= Bosenova =

Explosion in Bose-Einstein condensates

A bosenova or bose supernova is a very small, supernova-like explosion, which can be induced in a Bose–Einstein condensate (BEC) by changing the external magnetic field, so that the "self-scattering" interaction transitions from repulsive to attractive due to the Feshbach resonance, causing the BEC to "collapse and bounce" or "rebound."

Although the total energy of the explosion is very small, the "collapse and bounce" scenario qualitatively resembles a condensed matter version of a core-collapse supernova, hence the term bosenova.

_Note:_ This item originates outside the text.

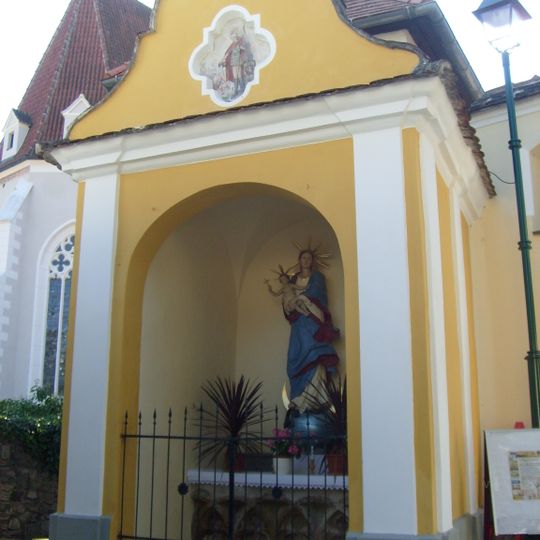 Flur-/Wegkapelle Maria Immaculata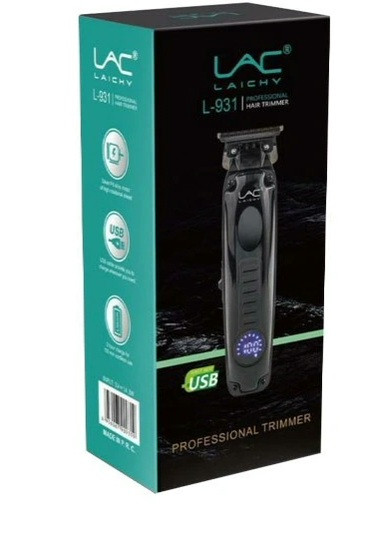 ماشین اصلاح لایچی مدل L-931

The nomenclature is not a play of words on the Brazilian music style bossa nova, but a play of words with bose-einstein and supernova.

== Experiment ==
In the particular experiment when a bosenova was first detected, transitioning the self-interaction from repulsive to attractive caused the BEC to implode and shrink to a size smaller than the optical detector's minimum resolution limit, and then suddenly "explode." In this explosion, about half of the atoms in the condensate superficially seemed to have "disappeared" from the experiment altogether, i.e., they were not detected in either the cold particle remnants nor in the expanding gas cloud produced.

The 'missing' atoms are almost certainly still around in some form, but just not in a form that we can detect them in our current experiment, the two likely possibilities are that they have formed into molecules of two rubidium atoms stuck together. or they have gotten enough energy from somewhere to fly away fast enough that they are out of our observation region before we look for them,"
— Carl Wieman, Space.com

Under current BEC theory, which only very crudely accounts for the interactions between the particles composing the BEC, the bosenova phenomenon remains unexplained, because the energy available to the individual atoms of the condensate near absolute zero appears to be insufficient to cause the observed implosion. However, subsequent mean-field theories have been proposed to explain bosenovas as a collective phenomenon.

The bosenova behaviour of a BEC may provide insights into the behavior of a neutron star, as well as into the possible properties of still-hypothetical boson stars and into the quantum theory of "collective phenomena" in general.